Engelli birey; bedensel, zihinsel, ruhsal, duyusal ve sosyal yeteneklerini, doğuştan ya da sonradan çeşitli derecelerde kaybeden bu sebeple toplumsal yaşama uyum sağlama ve günlük gereksinimlerini karşılamada güçlükleri olan ve korunma, bakım veya rehabilitasyon, danışmanlık ve destek hizmetlerine ihtiyaç duyan kişiyi ifade eder.
İşaret dili ise, işitme engellilerin kendilerini ifade etmek için el hareketlerini ve yüz mimiklerini kullanarak oluşturdukları görsel bir dildir.
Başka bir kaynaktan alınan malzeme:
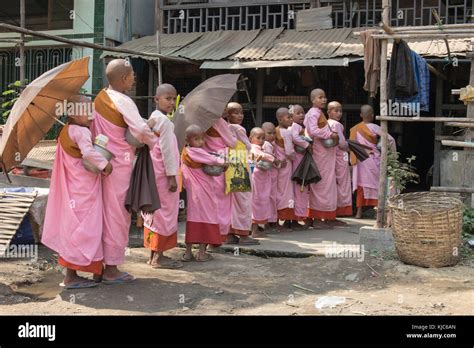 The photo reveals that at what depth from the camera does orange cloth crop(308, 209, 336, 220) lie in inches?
343

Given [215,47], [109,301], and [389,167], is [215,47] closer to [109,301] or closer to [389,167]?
[389,167]

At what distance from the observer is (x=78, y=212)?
203 inches

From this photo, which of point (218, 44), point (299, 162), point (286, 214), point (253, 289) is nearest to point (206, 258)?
point (253, 289)

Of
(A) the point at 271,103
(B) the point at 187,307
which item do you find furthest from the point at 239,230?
(A) the point at 271,103

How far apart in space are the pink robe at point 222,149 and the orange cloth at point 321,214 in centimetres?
230

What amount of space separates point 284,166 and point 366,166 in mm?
1852

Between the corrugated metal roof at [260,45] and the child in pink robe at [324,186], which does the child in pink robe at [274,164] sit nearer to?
the child in pink robe at [324,186]

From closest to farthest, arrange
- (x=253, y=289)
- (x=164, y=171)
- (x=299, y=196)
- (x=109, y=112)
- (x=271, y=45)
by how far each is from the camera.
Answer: (x=109, y=112) → (x=253, y=289) → (x=164, y=171) → (x=299, y=196) → (x=271, y=45)

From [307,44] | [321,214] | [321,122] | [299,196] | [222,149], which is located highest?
[307,44]

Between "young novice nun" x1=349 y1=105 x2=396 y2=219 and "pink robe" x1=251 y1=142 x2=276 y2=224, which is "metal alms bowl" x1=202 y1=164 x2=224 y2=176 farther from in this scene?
"young novice nun" x1=349 y1=105 x2=396 y2=219

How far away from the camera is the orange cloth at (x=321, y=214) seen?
870cm

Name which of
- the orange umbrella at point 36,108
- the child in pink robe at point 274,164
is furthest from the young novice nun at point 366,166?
the orange umbrella at point 36,108

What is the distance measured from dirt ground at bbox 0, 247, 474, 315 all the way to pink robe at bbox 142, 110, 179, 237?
0.49 meters

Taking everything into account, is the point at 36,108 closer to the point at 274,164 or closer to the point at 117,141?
the point at 117,141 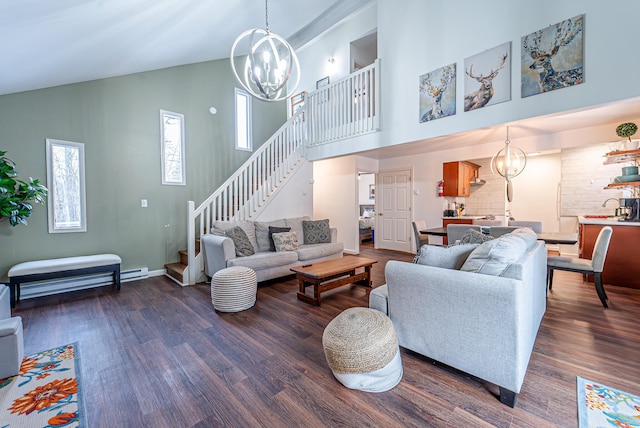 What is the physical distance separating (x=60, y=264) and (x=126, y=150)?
6.43 feet

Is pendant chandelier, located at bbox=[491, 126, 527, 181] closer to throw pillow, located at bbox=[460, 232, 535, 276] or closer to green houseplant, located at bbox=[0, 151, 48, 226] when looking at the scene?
throw pillow, located at bbox=[460, 232, 535, 276]

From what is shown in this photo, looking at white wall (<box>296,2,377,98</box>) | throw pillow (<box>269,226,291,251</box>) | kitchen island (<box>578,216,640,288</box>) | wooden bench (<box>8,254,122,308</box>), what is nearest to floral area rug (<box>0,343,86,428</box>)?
wooden bench (<box>8,254,122,308</box>)

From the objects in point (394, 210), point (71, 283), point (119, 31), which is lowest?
point (71, 283)

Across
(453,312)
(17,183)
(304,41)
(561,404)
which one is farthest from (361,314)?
(304,41)

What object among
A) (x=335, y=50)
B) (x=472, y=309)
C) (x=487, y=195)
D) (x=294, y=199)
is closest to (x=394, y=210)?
(x=487, y=195)

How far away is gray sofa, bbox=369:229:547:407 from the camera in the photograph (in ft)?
4.99

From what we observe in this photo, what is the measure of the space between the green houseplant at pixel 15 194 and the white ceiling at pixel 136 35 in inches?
39.9

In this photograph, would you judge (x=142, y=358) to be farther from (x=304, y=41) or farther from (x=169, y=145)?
(x=304, y=41)

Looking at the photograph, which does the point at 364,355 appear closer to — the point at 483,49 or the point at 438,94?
the point at 438,94

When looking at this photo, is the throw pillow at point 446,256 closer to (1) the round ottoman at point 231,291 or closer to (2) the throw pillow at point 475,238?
(2) the throw pillow at point 475,238

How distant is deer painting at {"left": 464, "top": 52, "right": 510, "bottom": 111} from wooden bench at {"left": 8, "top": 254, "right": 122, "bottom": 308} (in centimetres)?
546

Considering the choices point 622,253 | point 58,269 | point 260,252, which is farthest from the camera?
point 260,252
Engelli bireylerin haklarını tam olarak kullanmasının sağlanmasının yöntemlerinden biri de kendilerini ifade etmelerinin sağlanmasıdır.
Bunlardan biri de kamu kurumlarında ve özel kurumlarda yeterli sayıda işaret dili tercümanı bulunmasının sağlanmasıdır.
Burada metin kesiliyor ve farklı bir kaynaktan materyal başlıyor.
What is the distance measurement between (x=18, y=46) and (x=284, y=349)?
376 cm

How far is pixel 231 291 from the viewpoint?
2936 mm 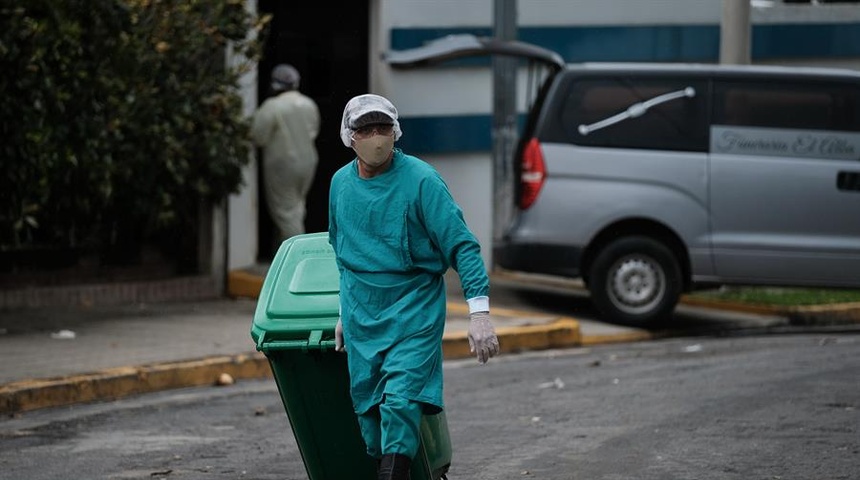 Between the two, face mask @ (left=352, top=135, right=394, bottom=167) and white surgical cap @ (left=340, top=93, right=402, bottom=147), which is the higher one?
white surgical cap @ (left=340, top=93, right=402, bottom=147)

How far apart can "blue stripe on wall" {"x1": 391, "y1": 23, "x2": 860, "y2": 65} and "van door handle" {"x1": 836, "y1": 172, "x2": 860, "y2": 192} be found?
13.8 ft

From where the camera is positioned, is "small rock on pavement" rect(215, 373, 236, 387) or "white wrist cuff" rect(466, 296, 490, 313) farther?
"small rock on pavement" rect(215, 373, 236, 387)

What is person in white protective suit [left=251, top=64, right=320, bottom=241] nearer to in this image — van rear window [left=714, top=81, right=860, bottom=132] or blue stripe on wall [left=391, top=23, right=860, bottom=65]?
blue stripe on wall [left=391, top=23, right=860, bottom=65]

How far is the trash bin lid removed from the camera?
599 centimetres

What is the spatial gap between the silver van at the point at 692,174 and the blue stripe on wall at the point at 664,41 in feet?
10.4

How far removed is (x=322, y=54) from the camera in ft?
53.1

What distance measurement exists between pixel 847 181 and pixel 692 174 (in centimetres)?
122

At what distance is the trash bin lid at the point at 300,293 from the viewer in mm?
5988

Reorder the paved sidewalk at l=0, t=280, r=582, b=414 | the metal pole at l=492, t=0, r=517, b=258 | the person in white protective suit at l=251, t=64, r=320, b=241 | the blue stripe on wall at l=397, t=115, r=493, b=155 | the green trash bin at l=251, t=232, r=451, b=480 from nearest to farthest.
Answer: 1. the green trash bin at l=251, t=232, r=451, b=480
2. the paved sidewalk at l=0, t=280, r=582, b=414
3. the person in white protective suit at l=251, t=64, r=320, b=241
4. the metal pole at l=492, t=0, r=517, b=258
5. the blue stripe on wall at l=397, t=115, r=493, b=155

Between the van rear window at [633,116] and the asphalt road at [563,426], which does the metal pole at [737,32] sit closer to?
the van rear window at [633,116]

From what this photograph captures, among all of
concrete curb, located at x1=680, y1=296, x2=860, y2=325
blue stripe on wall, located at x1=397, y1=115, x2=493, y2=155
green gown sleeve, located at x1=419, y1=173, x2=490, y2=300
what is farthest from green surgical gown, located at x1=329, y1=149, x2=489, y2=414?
blue stripe on wall, located at x1=397, y1=115, x2=493, y2=155

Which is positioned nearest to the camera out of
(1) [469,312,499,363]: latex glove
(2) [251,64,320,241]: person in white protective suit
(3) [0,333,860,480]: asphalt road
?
(1) [469,312,499,363]: latex glove

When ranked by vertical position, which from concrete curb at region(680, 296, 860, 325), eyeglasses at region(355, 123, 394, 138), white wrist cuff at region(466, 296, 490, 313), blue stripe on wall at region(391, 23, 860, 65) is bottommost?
concrete curb at region(680, 296, 860, 325)

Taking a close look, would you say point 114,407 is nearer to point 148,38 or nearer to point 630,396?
point 630,396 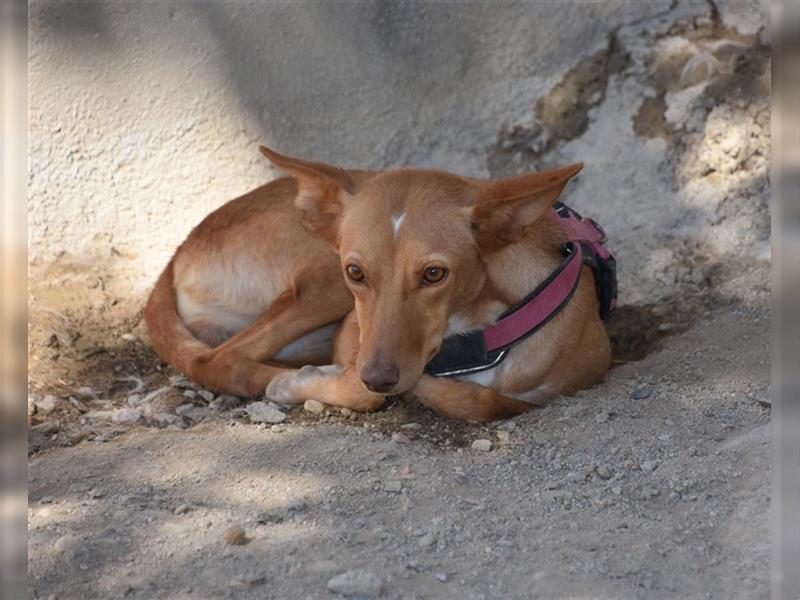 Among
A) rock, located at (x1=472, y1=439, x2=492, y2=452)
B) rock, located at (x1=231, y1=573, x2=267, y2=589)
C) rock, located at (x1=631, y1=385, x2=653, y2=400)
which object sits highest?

Tabi ki engelli bireyler için etkin anlamda yapılması ve gerçekleştirilmesi gereken birçok şey vardır.Örneğin; yoksulluğun azaltılması ve istihdam, fiziki çevreye, toplu taşımacılık, bilgi ve iletişim sistemlerine erişimin iyileştirilmesi, eğitim hizmetlerinin iyileştirilmesi ve geliştirilmesi ile sosyal açıdan muhafaza, ulusal ve uluslararası etkin işbirliği…
Engelli bireylerimizin topluma tam ve etkin katılımlarının sağlanması, fırsat eşitliği,erişilebilirlik açısından, işaret dilinin ve tercümanlığın önemi tartışılmazdır.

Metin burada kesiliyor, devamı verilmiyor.